So you could have a hashCode
method that always returned the same integer, like 1
, and it would technically obey the contract. But usually, the hashCode
of objects is not 1, but instead a large integer. Going back to our old example of (not) aliasing:
String s = new String("x");
String t = new String("x");
System.out.println(s == t);
System.out.println(s.equals(t));
System.out.println(s.hashCode());
System.out.println(t.hashCode());
Do you expect them to be ==
? No. Do you expect them to be equals
? Yes. Do you expect them to have the same hash code? Yes, because of the first property above.
Why does this weird integer result in fast (“constant time”) lookups?
Because you can use it as an index into an array.
In short, “hash tables” are arrays that store objects based upon their “hash code”. If you want to put an element into the array, you figure out the right place to put it by checking its hash code. And if you want to see if an element is in the array, you look up its hash code, then jump to the right spot in the array.

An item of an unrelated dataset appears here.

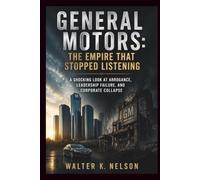 General Motors: The Empire That Stopped Listening: A Shocking Look at Arrogance, Leadership Failure, and Corporate Collapse (BOOKS ON MACHINE)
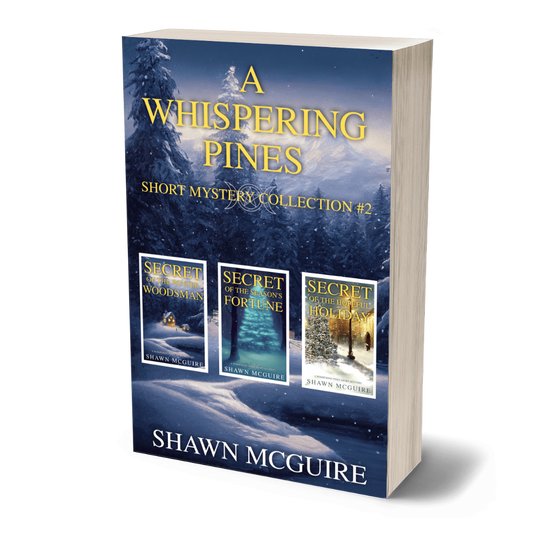 Book cover of 'A Whispering Pines Short Mystery Collection #2' by Shawn McGuire with a snowy forest design.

In a perfect world, the array would be big enough to hold everything, and the hash codes would always be unique per-object, and this would all just work. In practice, sometimes there are collisions – more than one object ends up in the same spot in the array. We resolve these collisions in different ways (one way: each element of the array might be a short linked list of elements with the hash code corresponding to that element’s index), and things usually work out with near-constant-time performance.